Assigned task —
An exact copy of all the data below is needed, without its pictures.

Data block —

· · · ·

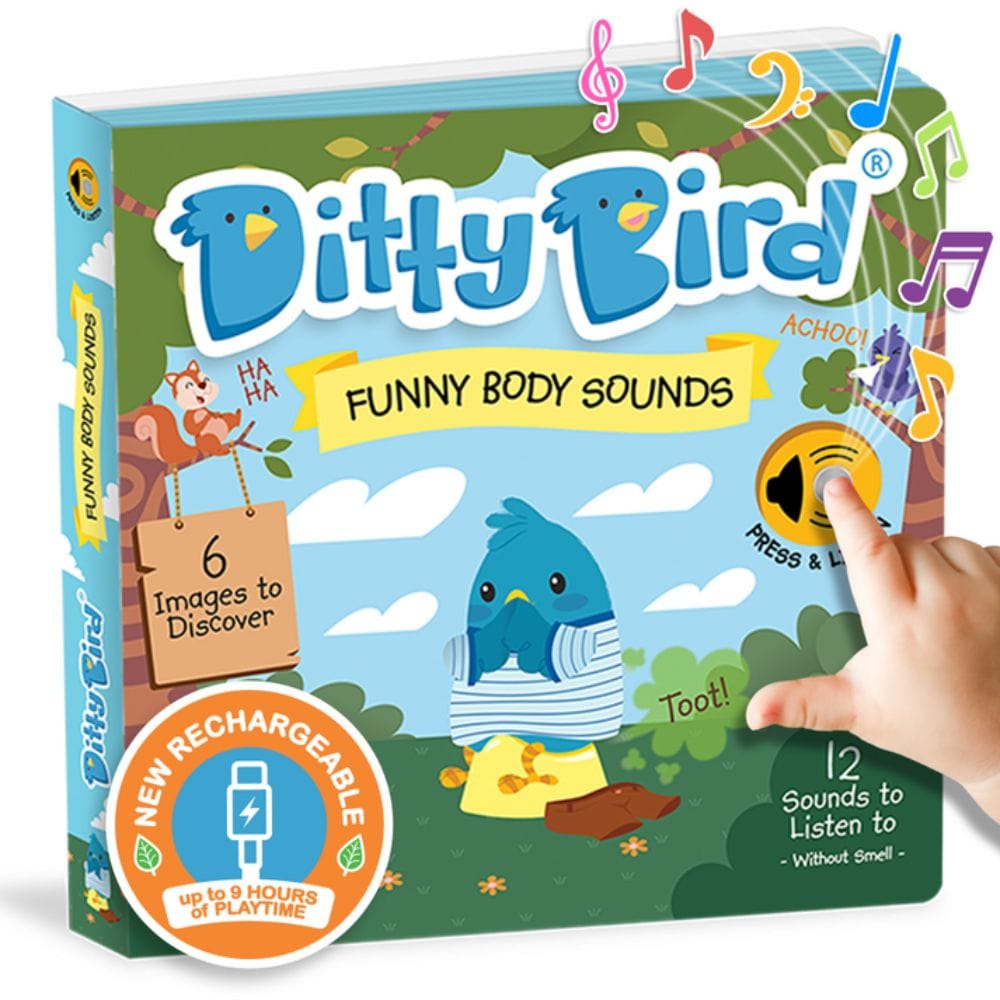 Libro con Sonido Funny Body Sounds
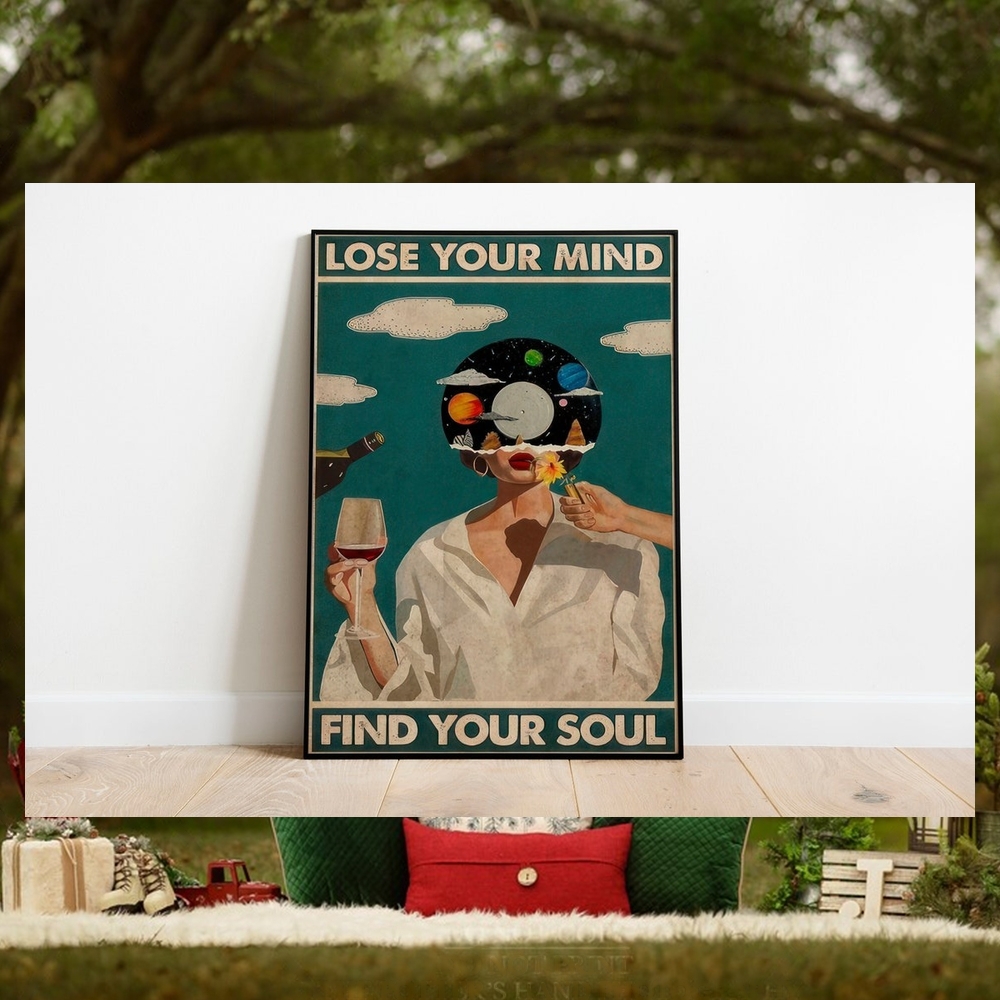 Lose Your Mind Find Your Soul Vintage Poster, Lose Your Mind Print, Vintage Music Inspired Wall Art, Retro Poster Print, Music Retro Poster Lose Your Mind Find Your Soul Vintage Poster, Lose Your Mind Print, Vintage Music Inspired Wall Art, Retro Poster Print, Music Retro Poster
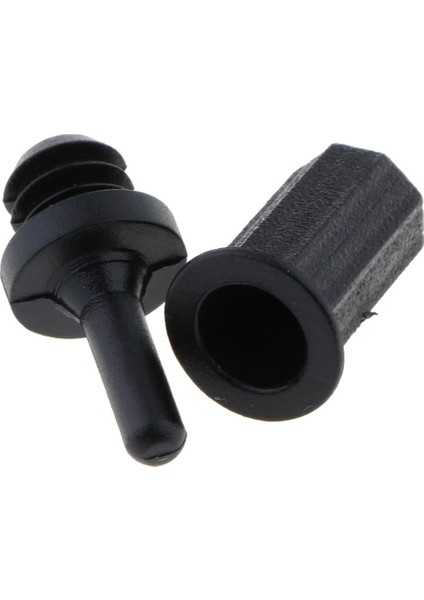 10 Pack Raptiye Perçin Klipler Kitleri Plastik Hoparlörler Için Örgü Kapak # 042 Siyah modelleri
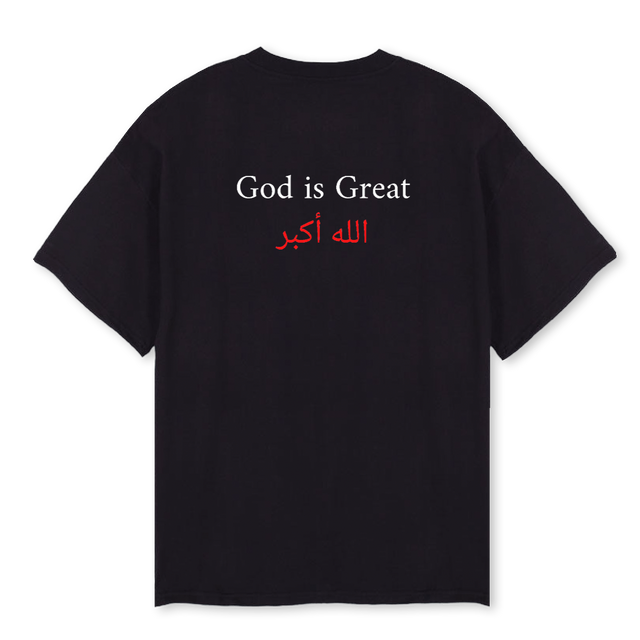 FINALGIGTSHIRT APRIL Black Oversized Tee.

· · · ·

Reply —
 Libro con Sonido Funny Body Sounds
 Lose Your Mind Find Your Soul Vintage Poster, Lose Your Mind Print, Vintage Music Inspired Wall Art, Retro Poster Print, Music Retro Poster Lose Your Mind Find Your Soul Vintage Poster, Lose Your Mind Print, Vintage Music Inspired Wall Art, Retro Poster Print, Music Retro Poster
 10 Pack Raptiye Perçin Klipler Kitleri Plastik Hoparlörler Için Örgü Kapak # 042 Siyah modelleri
 FINALGIGTSHIRT APRIL Black Oversized Tee.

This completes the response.